Sanık beyanlarının ardından söz alan Sinan Ateş’in annesi Saniye Ateş, mahkemeden adalet beklediğini belirterek, "Ben adalet istiyorum. Bir oğlum vardı benim. Bunların hepsi oğlumu tanıyor. Kılıç soyadlı kişi ismini ağzıma almak istemiyorum, tanıyordu oğlumu. Olcay Kılavuz’un tayfası bunlar hep. Hepiniz ayrı ayrı oğlumu katletmek için para mı aldınız?" diye konuştu.
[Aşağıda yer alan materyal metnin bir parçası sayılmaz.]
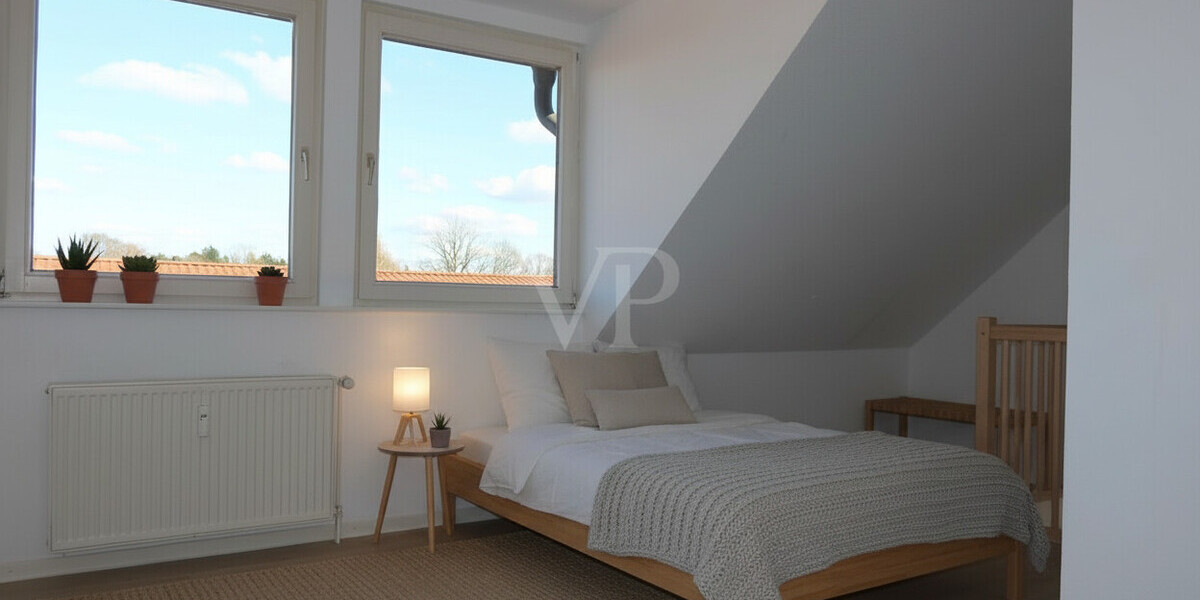 Schlafzimmer II_KI möbliert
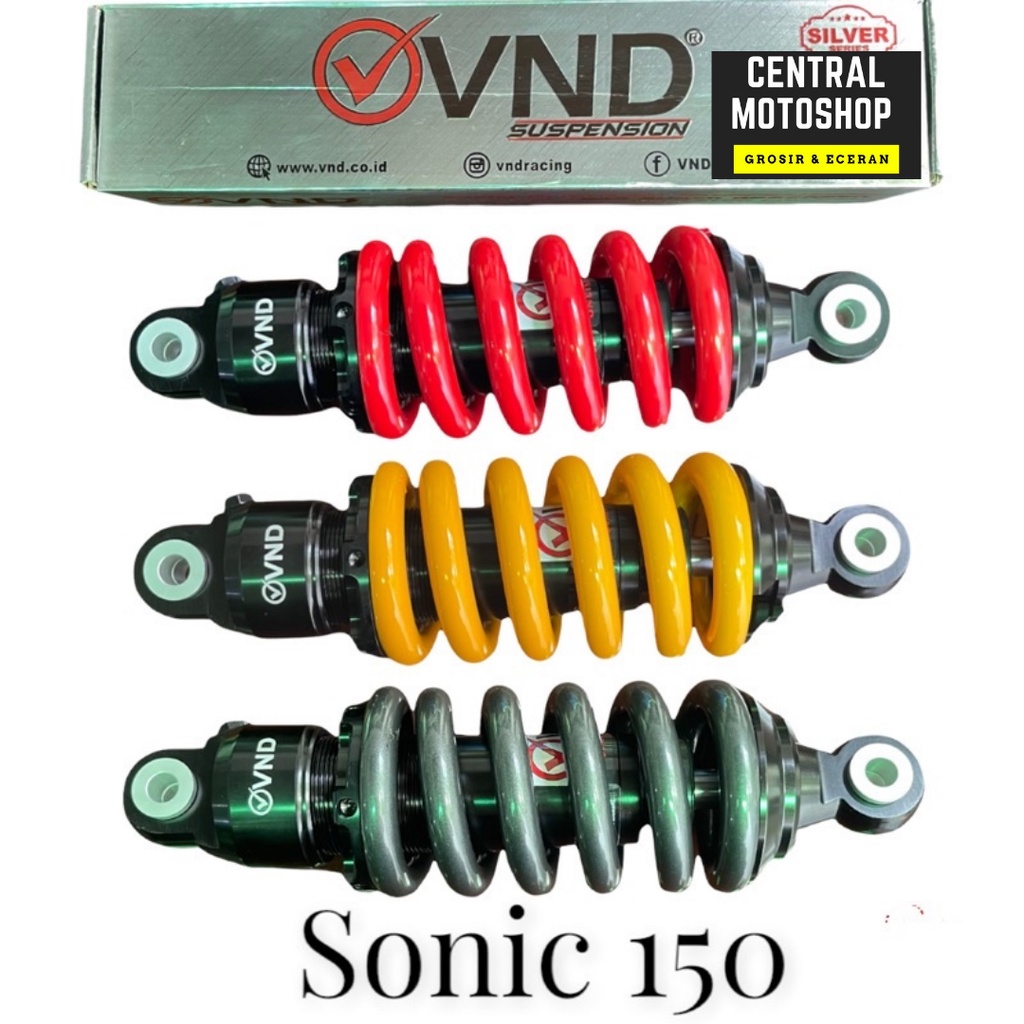 Mono Shock Sonic Shock Belakang Sonic,Supra 150 Gtr Merk VND Premium Original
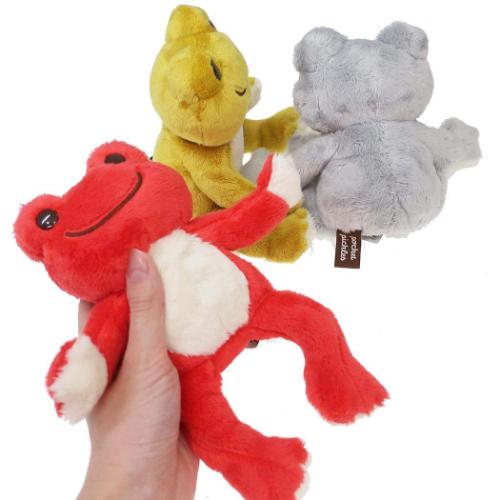 かえるのピクルス ぬいぐるみ ポケットピクルス キャラクター グッズ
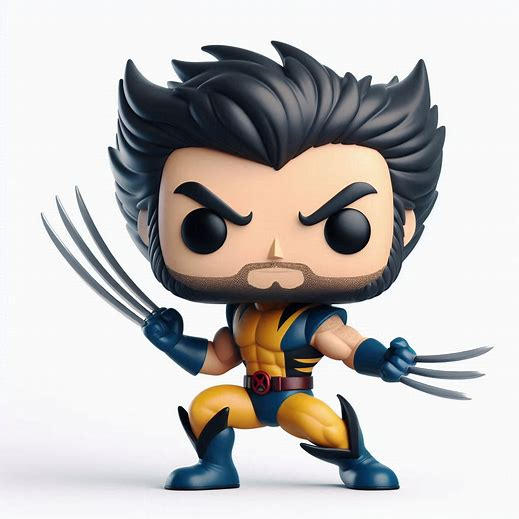 FUNKO POP WOLVERINE WITHOUT MASK by jittqs on DeviantArt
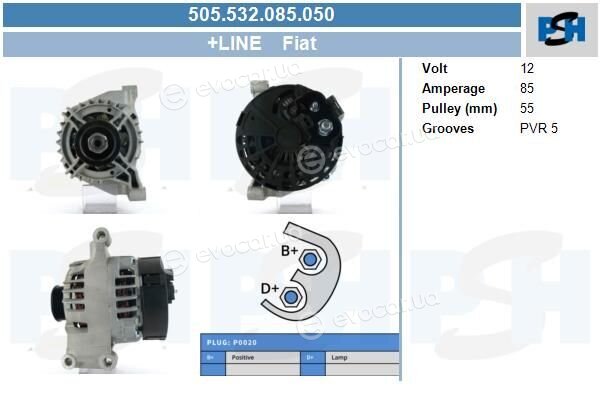AES / PSH 505.532.085.050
"Bence suç örgütü olan Ülkü Ocaklarına çalışmak yerine keşke devletine çalışsaymış"

Mahkemede söz alan Sinan Ateş’in kardeşi Selma Ateş ise, sanıkların beyanlarının doğru olmadığını savunarak, "Burak Kılıç’ın kardeşim istifa ettikten sonra internette karalama kampanyası yaptığı herkes tarafından biliniyor. ‘İhanet Ateşi’ şeklinde yazı yazılmış ve paylaşmıştır. Komiser devlete hizmet etmek yerine kendi işi dışında Ülkü Ocakları suç örgütüne çalışmış. Komiser, Ülkü Ocakları Eğitim ve Kültür Vakfı dediğimiz ama bence suç örgütü olan Ülkü Ocaklarına çalışmak yerine keşke devletine çalışsaymış. Bunlar planlı şekilde kardeşimi katletti" dedi.

Sanık, müşteki ve avukat beyanlarının ardından ara kararını veren mahkeme, Ankara 32. Ağır Ceza Mahkemesine müzekkere yazılarak Sinan Ateş cinayeti dosyasından ayrılan dosyanın akıbetinin sorulmasına, dosyanın fiziken incelenip birleştirilme talebinin değerlendirilmesine karar verdi. Mahkeme ayrıca, sanıkların adli kontrol tedbirlerinin devamına karar vererek, duruşmayı 1 Temmuz’a erteledi.